■ Information shown:
══════

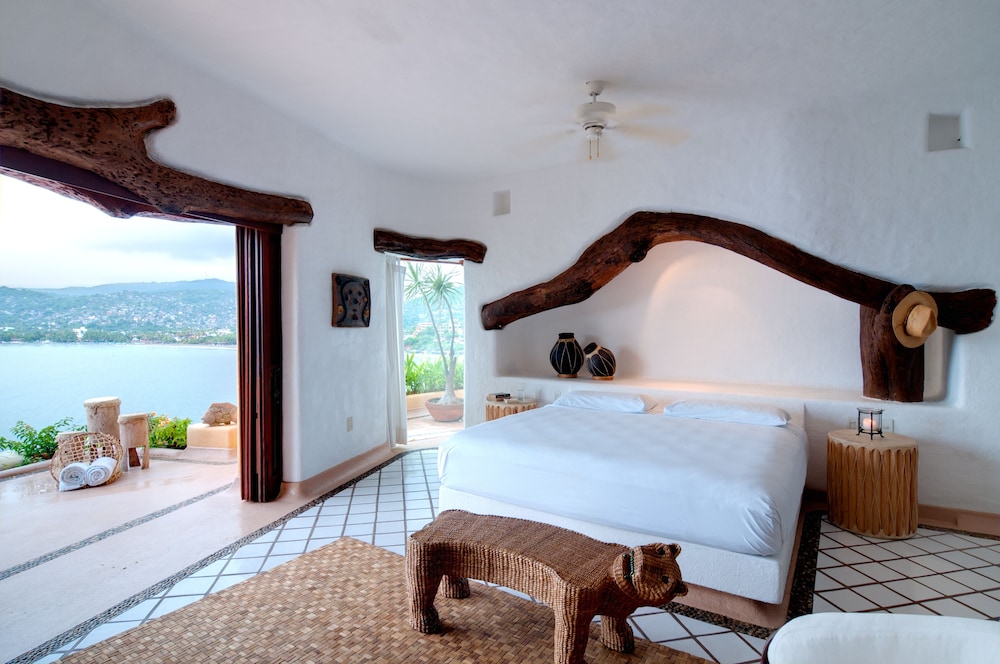 Seafront Luxe Mexicaanse Stijl Villa - Zihuatanejo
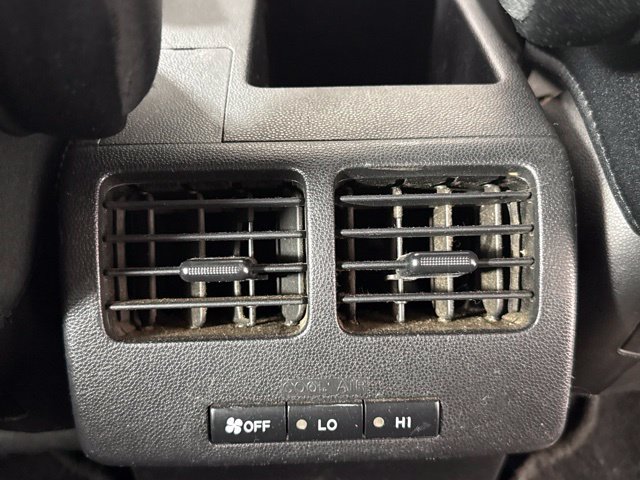 Used 2008 MAZDA MAZDA5 Sport FWD image 24
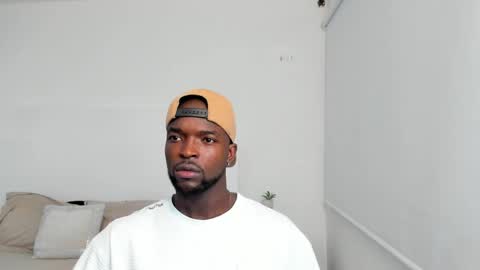 Snapshot of dylantaylor_1 chatting on 02/23/25, 03:24 Dylan Taylor online show from 02/23/25, 03:24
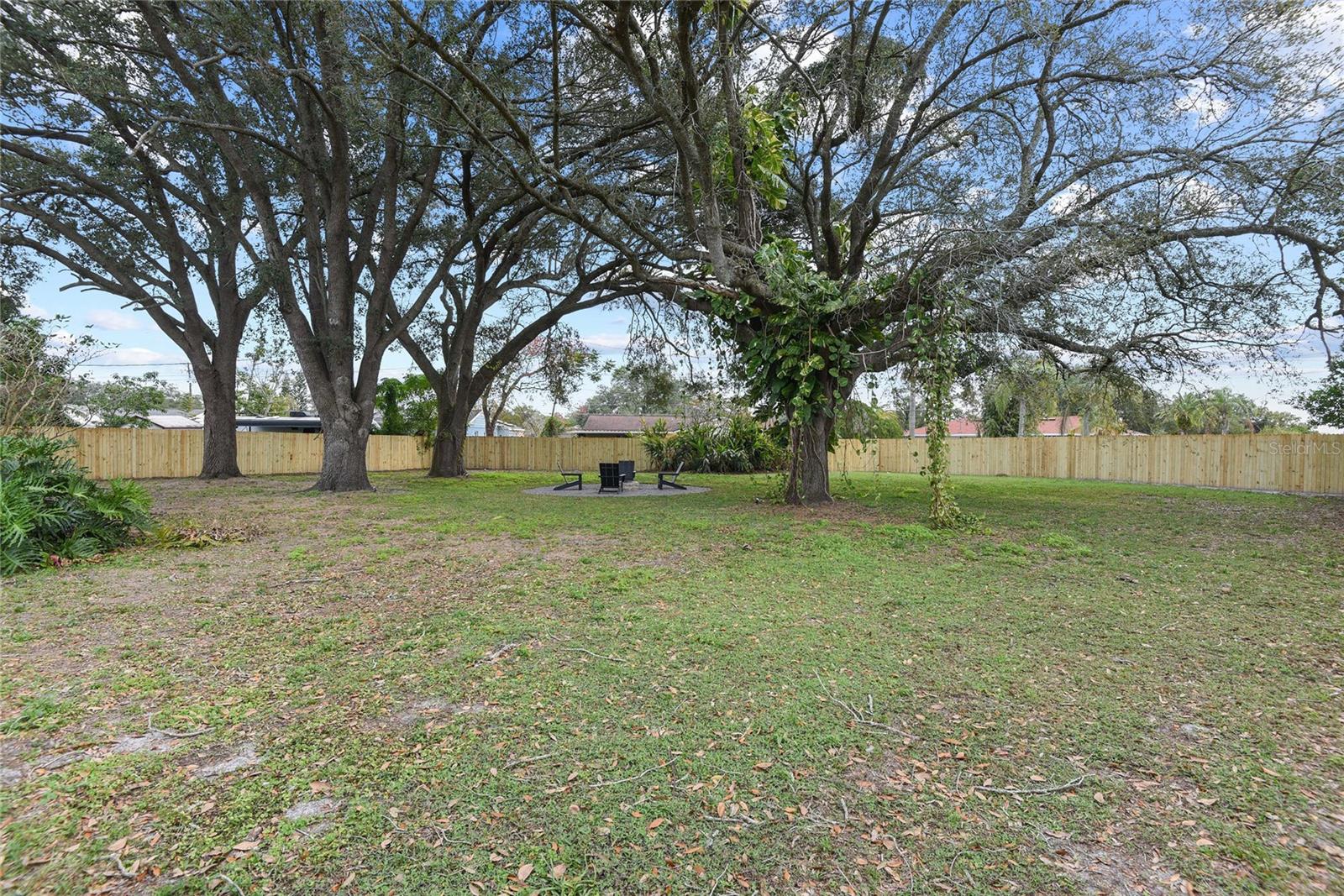 EASTBROOK SUB - Residential Lease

══════

■ The problem: Copy the material above word for word, images excluded.

■ Answer:
 Seafront Luxe Mexicaanse Stijl Villa - Zihuatanejo
 Used 2008 MAZDA MAZDA5 Sport FWD image 24
 Snapshot of dylantaylor_1 chatting on 02/23/25, 03:24 Dylan Taylor online show from 02/23/25, 03:24
 EASTBROOK SUB - Residential Lease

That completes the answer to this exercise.